■ WORK ORDER
Only the lines from the start of the data through the line containing "Set da Giardino" should be written out, exactly as they are, with both ends included and the pictures left out.

[Items from a dataset]
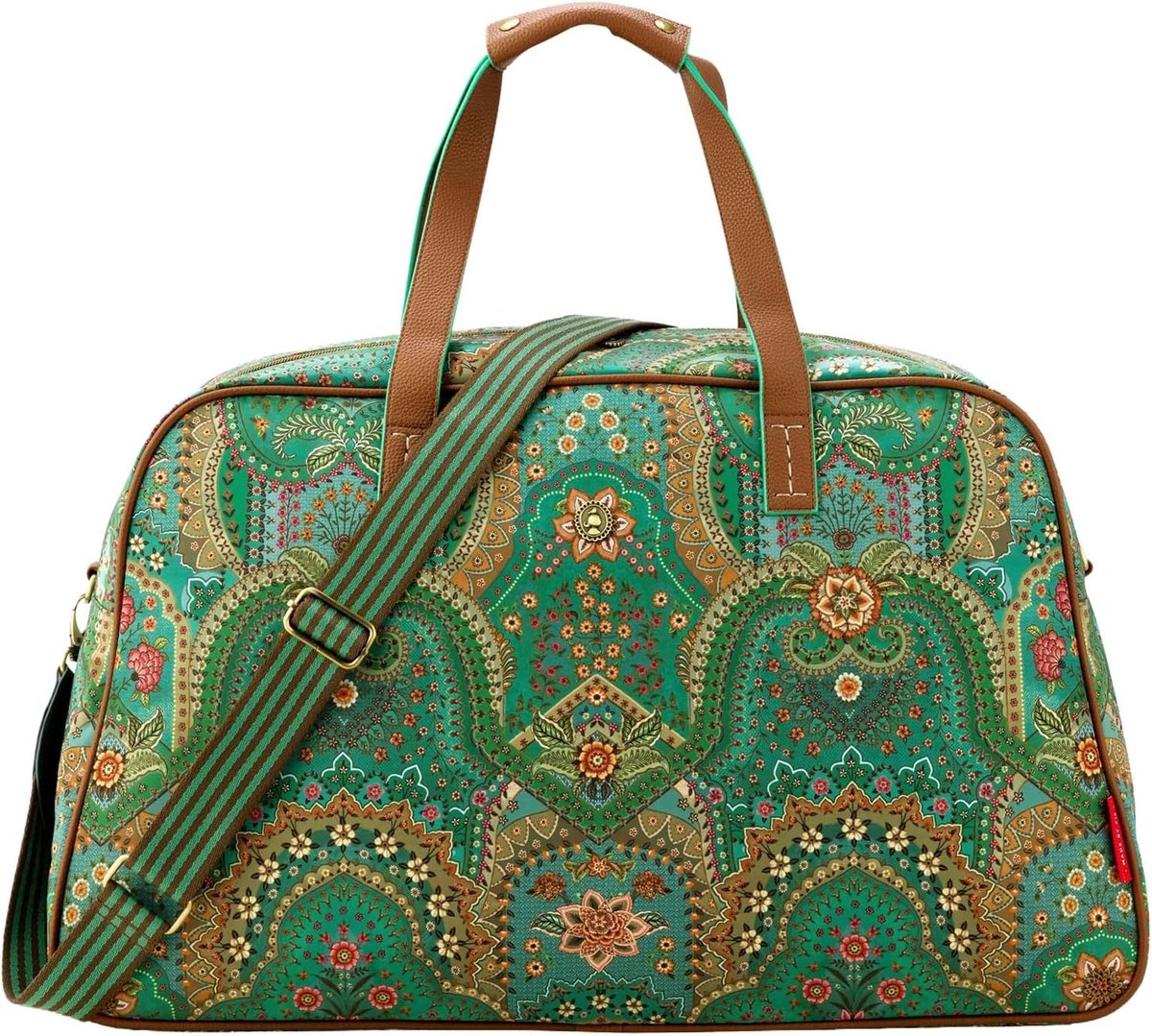 SnelShoppen - Pip Studio Weekendtas met Laptopcompartiment Tovy, Ruime Reisbagage, Bloemenprint, Geschikt voor Laptop, Groene Reistas, Perfect voor We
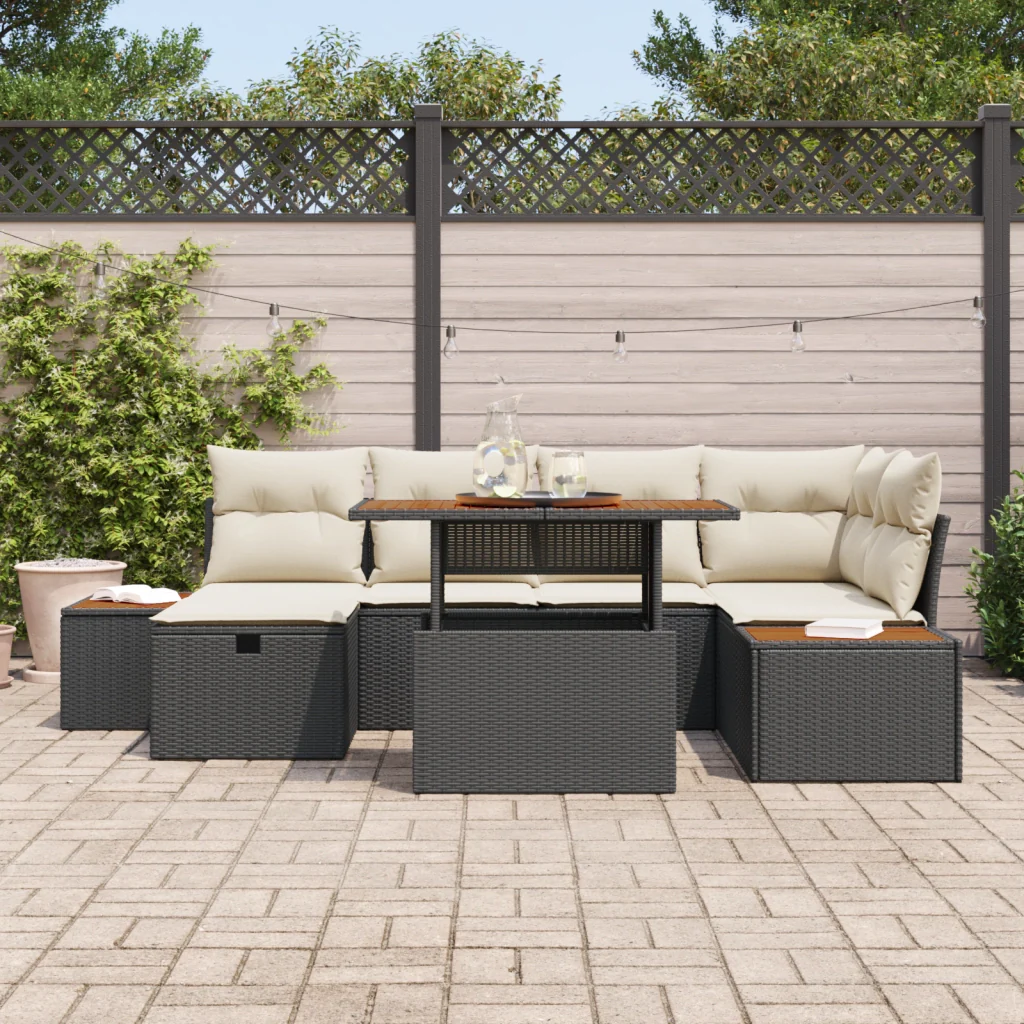 Set da Giardino  a 7 Pezzi con Cuscini Nero Polyrattan Acacia - Image 3
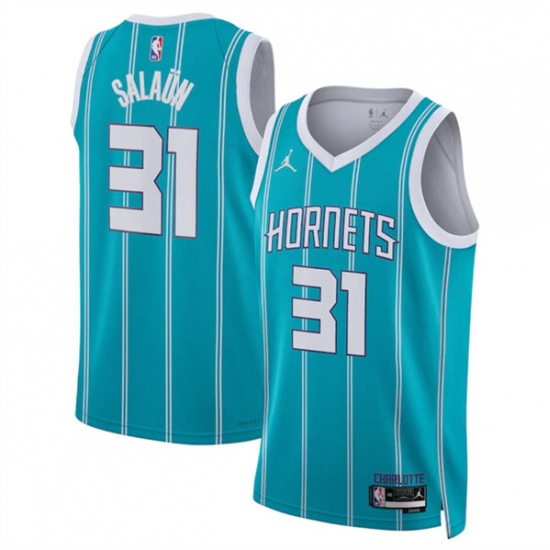 Men's Charlotte Hornets #31 Tidjane Salaun Teal 2024 Draft Icon Edition Stitched Basketball Jersey - Ujersey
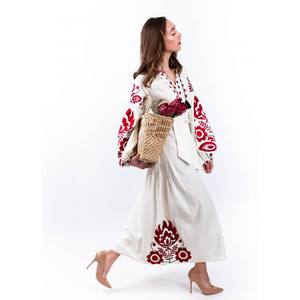 Robe longue tunique ukrainienne à col en V brodée, imprimée à la main, à manches longues, pour femme, nouveau design - Product Image 3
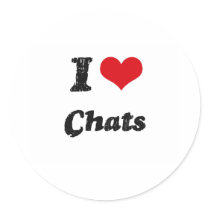 I love Chats Round Stickers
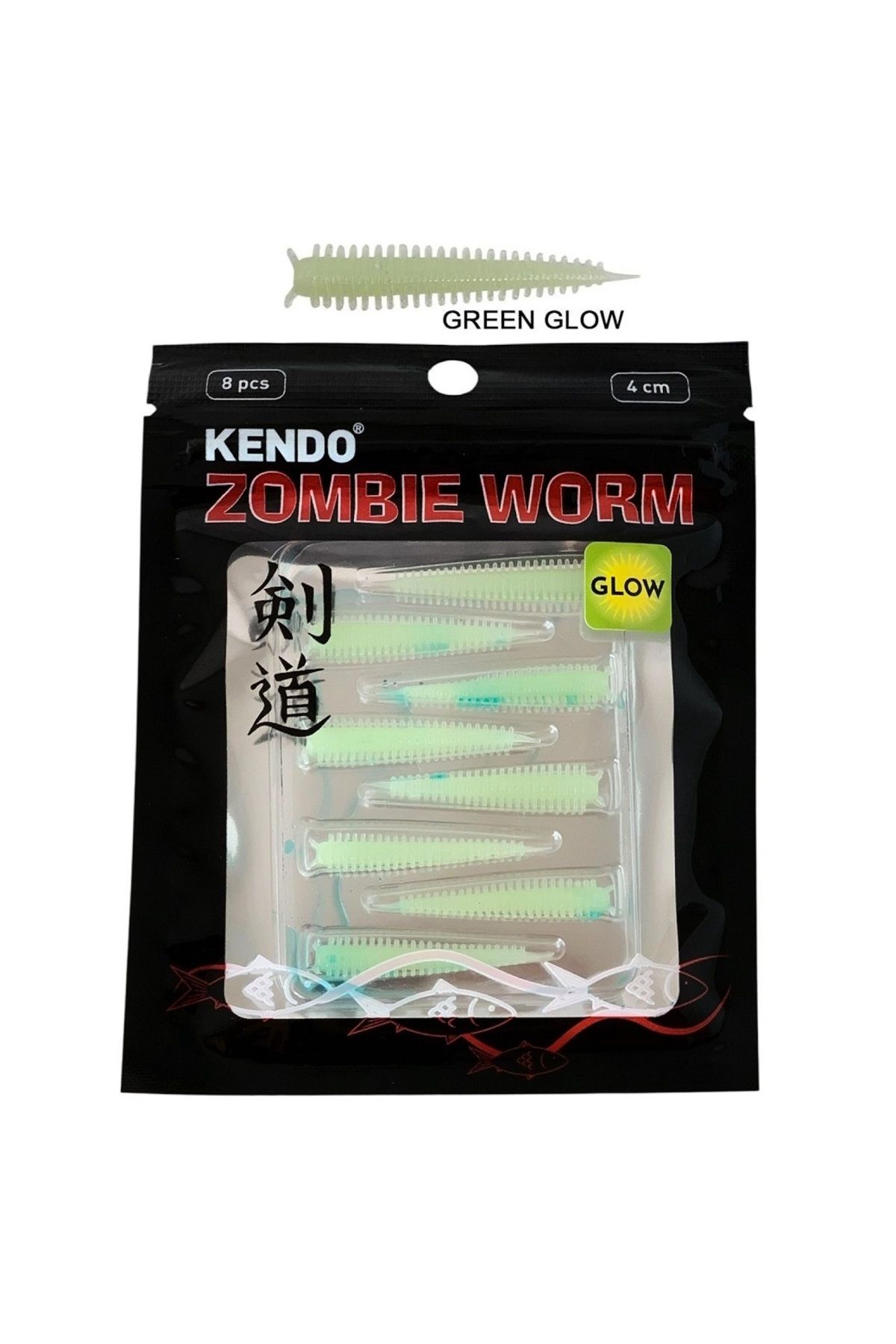 Kendo Zombie Worm Lrf Silikonu 4cm (8'li Paket) Yaban Mersini Kokulu İğnesiz Green Glow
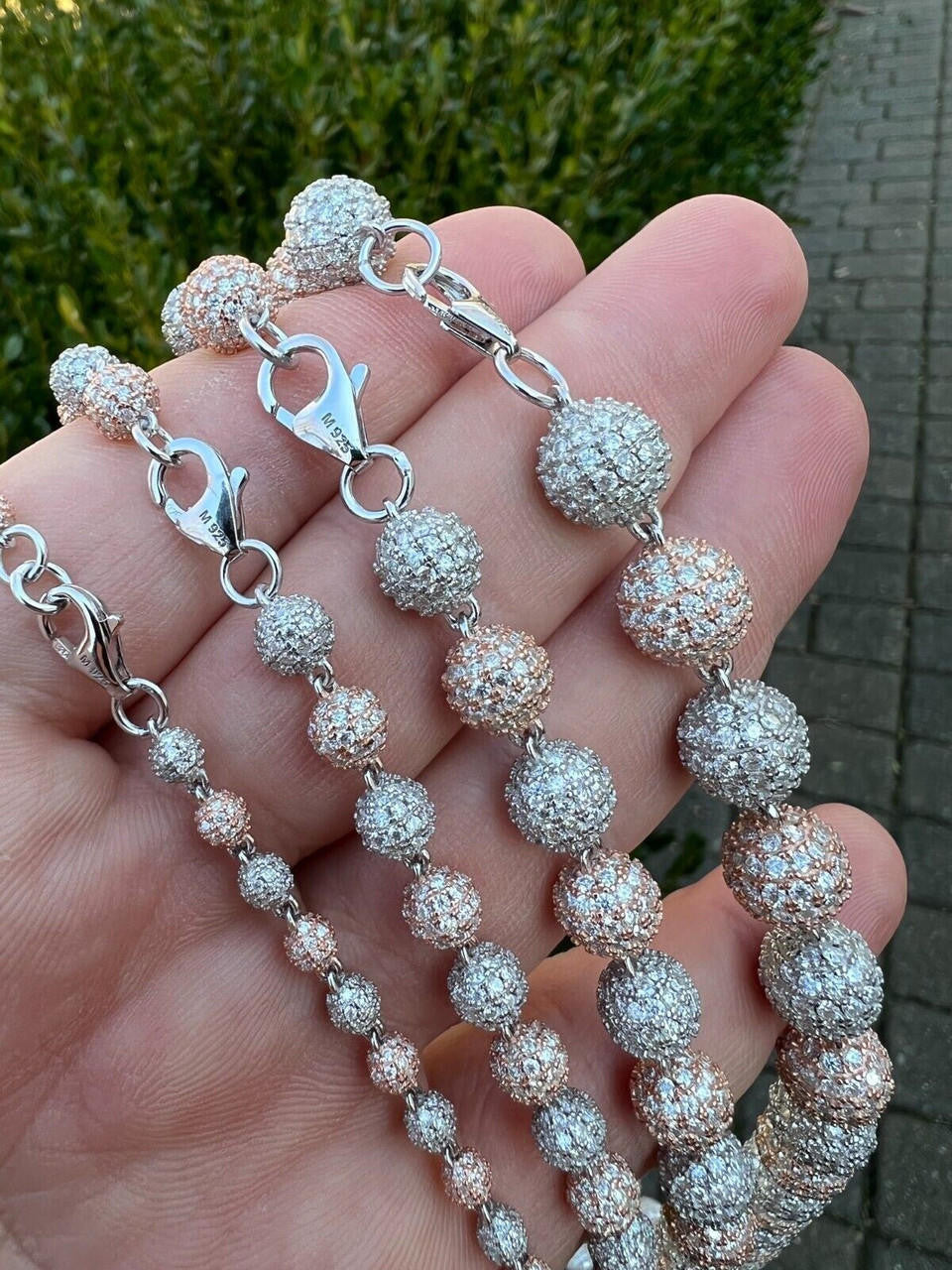 HarlemBling Moissanite Iced 925 Silver & Rose Gold Ball Disco Chain Necklace Diamond Test 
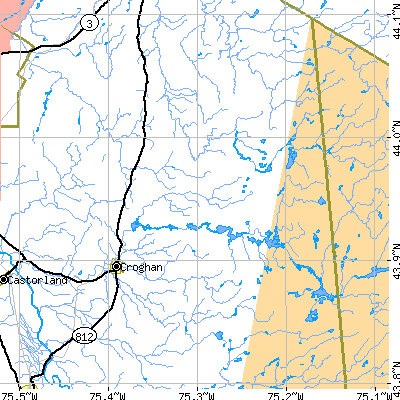 Zip code 13327 close-up map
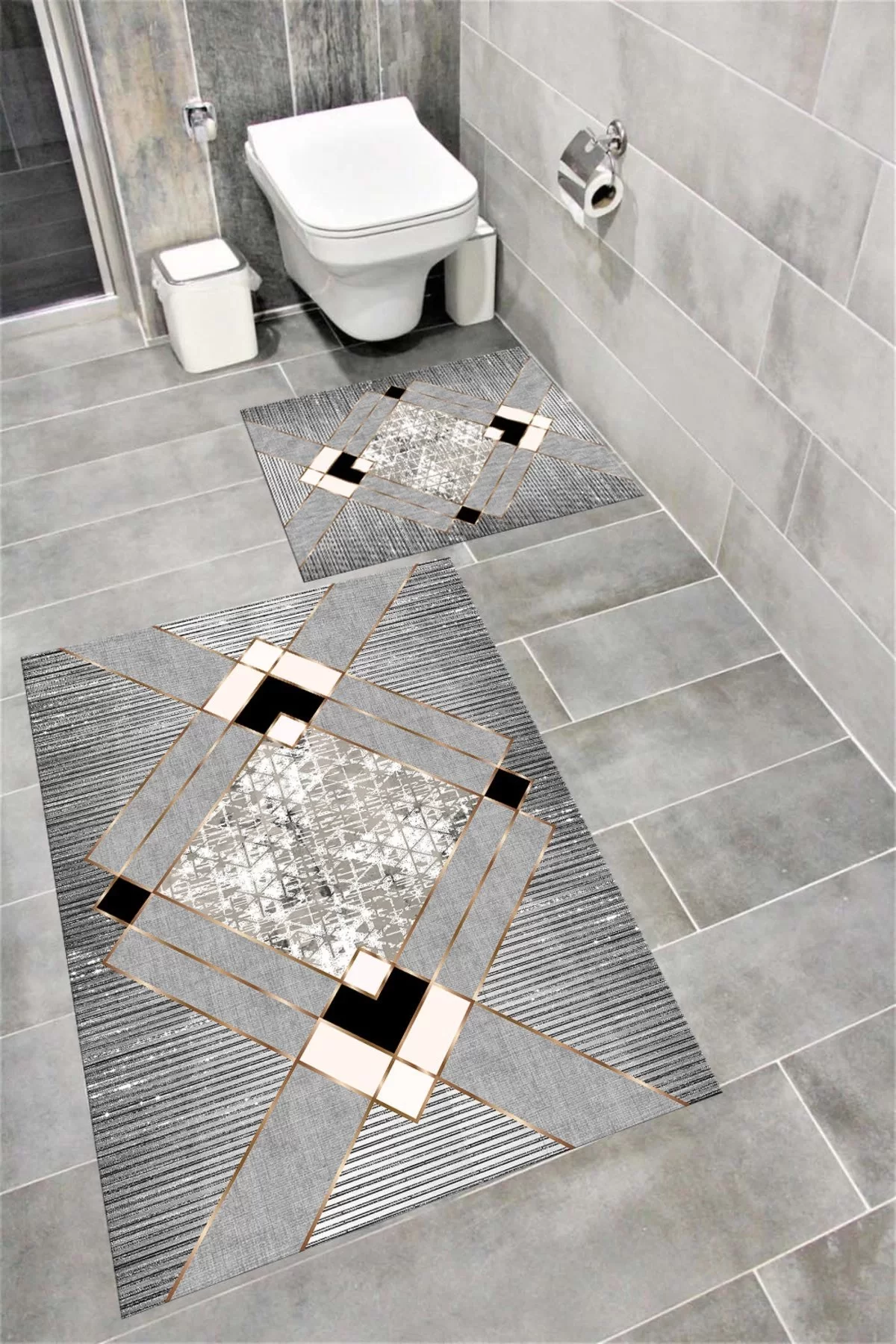 Su Emici Yumuşak Kaymaz Taban Sünger Dolgulu Yıkanabilir Dekoratif Banyo Paspası REPATO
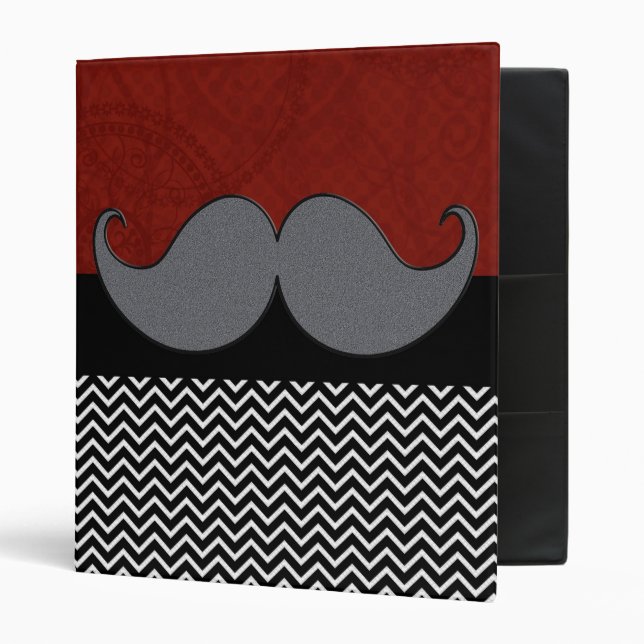 Retro Mustache Moustache Stache 3 Ring Binder (Front/Inside)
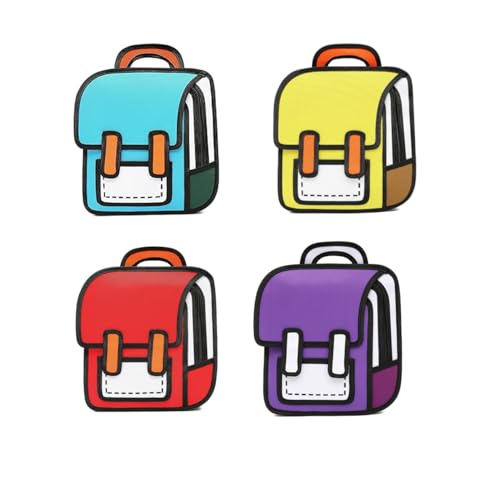 Shree Collection Toon Packs 2D Drawing Cute Cartoon Bag for Kids, Adults Anime Comic Carry Backpack for Girls Boys School, Travel Bags (Random Colors)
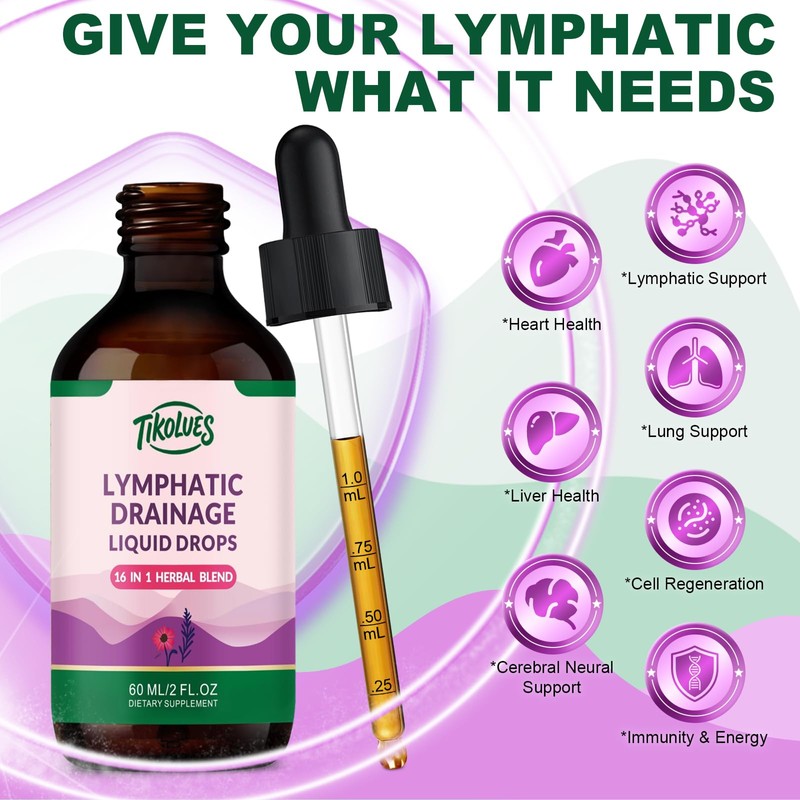 TIKOLUES Lymphatic Drainage Drops | Organic Lymphatic Cleanse Immune Support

■ WRITTEN RESPONSE
 SnelShoppen - Pip Studio Weekendtas met Laptopcompartiment Tovy, Ruime Reisbagage, Bloemenprint, Geschikt voor Laptop, Groene Reistas, Perfect voor We
 Set da Giardino  a 7 Pezzi con Cuscini Nero Polyrattan Acacia - Image 3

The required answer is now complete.